On Tuesday, AUD/USD continued its decline for the third day in a row, reaching a level close to 0.6870 during Asian hours. The Australian dollar (AUD) is under downward pressure as the US dollar (USD) takes advantage of growing hawkish sentiment around the Federal Reserve’s (Fed) policy outlook. Market participants are currently closely watching the latest meeting minutes from the Reserve Bank of Australia (RBA) and key Purchasing Managers’ Index (PMI) data from China, which will be released later in the day.
According to CME’s FedWatch tool, investors are currently pricing in a nearly 60% probability of a Fed rate hike by September. This shift in sentiment has focused attention on key U.S. labor market reports this week, culminating in Thursday’s nonfarm payrolls data, which will provide up-to-date clues about the Fed’s interest rate trajectory. Forecasts now predict job growth will be 114,000 in June and the unemployment rate will remain unchanged at 4.3%.
The dollar is also receiving safe-haven support amid continuing geopolitical uncertainty around U.S.-Iran relations. US President Donald Trump said the two nations intend to hold up-to-date talks on Tuesday in Doha, Qatar, following a weekend of hostilities in the Middle East, CNBC reported.
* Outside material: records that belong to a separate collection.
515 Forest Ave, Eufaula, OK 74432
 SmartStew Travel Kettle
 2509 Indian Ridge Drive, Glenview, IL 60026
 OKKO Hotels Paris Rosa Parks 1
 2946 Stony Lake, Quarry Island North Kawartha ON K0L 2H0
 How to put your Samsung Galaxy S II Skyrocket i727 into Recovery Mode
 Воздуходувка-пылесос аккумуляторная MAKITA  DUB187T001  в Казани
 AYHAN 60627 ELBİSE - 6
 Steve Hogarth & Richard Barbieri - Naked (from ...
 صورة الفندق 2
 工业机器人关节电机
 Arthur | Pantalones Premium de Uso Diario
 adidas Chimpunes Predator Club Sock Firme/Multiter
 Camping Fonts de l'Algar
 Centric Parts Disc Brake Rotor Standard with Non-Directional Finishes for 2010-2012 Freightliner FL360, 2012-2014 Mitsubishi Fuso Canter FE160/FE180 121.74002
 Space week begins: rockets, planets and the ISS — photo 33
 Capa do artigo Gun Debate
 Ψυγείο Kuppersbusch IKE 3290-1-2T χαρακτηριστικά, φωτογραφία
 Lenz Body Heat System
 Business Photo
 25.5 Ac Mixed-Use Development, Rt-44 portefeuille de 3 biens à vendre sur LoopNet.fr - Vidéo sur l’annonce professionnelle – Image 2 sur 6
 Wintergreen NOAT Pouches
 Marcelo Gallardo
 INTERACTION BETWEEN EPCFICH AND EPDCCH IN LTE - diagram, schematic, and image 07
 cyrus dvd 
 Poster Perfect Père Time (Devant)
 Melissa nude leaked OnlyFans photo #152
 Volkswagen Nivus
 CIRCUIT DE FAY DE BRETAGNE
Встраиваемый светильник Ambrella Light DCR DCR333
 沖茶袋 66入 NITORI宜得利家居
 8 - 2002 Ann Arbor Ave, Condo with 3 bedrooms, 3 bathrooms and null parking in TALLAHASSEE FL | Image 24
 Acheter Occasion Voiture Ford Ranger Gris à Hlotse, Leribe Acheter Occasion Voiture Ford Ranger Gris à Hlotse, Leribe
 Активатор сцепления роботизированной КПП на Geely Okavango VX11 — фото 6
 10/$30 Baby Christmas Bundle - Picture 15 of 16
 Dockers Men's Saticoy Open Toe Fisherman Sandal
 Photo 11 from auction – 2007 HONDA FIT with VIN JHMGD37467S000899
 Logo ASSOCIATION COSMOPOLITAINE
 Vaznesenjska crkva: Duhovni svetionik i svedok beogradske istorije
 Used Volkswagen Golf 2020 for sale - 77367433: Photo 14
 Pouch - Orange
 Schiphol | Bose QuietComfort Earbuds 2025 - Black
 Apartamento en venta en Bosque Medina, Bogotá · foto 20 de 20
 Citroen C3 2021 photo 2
However, Tehran denied this claim, stating that no negotiation meetings were scheduled with Washington at any level as Iran remained focused on implementing its existing memorandum of understanding rather than entering talks on a final agreement.
Australian Dollar FAQs
One of the most vital factors for the Australian dollar (AUD) is the level of interest rates set by the Reserve Bank of Australia (RBA). As Australia is a resource-rich country, another key factor influencing price is the price of its largest export, iron ore. The health of the Chinese economy, its largest trading partner, is a factor, as well as Australia’s inflation, its dynamics and its trade balance. Market sentiment – whether investors take on riskier assets (risk-on) or look for unthreatening havens (risk-off) – also matters, with positive risk for the AUD.
The Reserve Bank of Australia (RBA) influences the Australian dollar (AUD) by setting the interest rates that Australian banks can lend to each other. This affects the level of interest rates throughout the economy. The RBA’s main goal is to maintain a stable inflation rate of 2-3% by raising or lowering interest rates. Relatively high interest rates compared to other major central banks support the AUD, and the opposite for relatively low ones. The RBA may also operate quantitative easing and tightening to influence lending conditions, the former being AUD negative and the latter AUD positive.
China is Australia’s largest trading partner, so the health of the Chinese economy has a major impact on the value of the Australian dollar (AUD). When the Chinese economy does well, it buys more raw materials, goods and services from Australia, increasing demand for the AUD and increasing its value. The opposite is the case when the Chinese economy is not growing as quick as expected. Positive or negative surprises in Chinese growth data therefore often have a direct impact on the Australian dollar and its pairs.
Iron ore is Australia’s largest export, worth $118 billion a year in 2021 figures, with China being the main buyer. The price of iron ore can therefore influence the Australian dollar. Generally speaking, if the price of iron ore increases, the AUD also increases, as aggregate demand for the currency increases. The opposite is true when the price of iron ore falls. Higher iron ore prices also tend to result in a greater likelihood of a positive trade balance for Australia, which is also positive for the AUD.
The trade balance, or the difference between what a country earns from exports and what it pays for imports, is another factor that can affect the value of the Australian dollar. If Australia produces a highly sought after export, then its currency will only appreciate in value as a result of the excess demand created by foreign buyers wanting to buy its exports compared to spending on import purchases. Therefore, a positive net trade balance strengthens the AUD, and the effect is opposite if the trade balance is negative.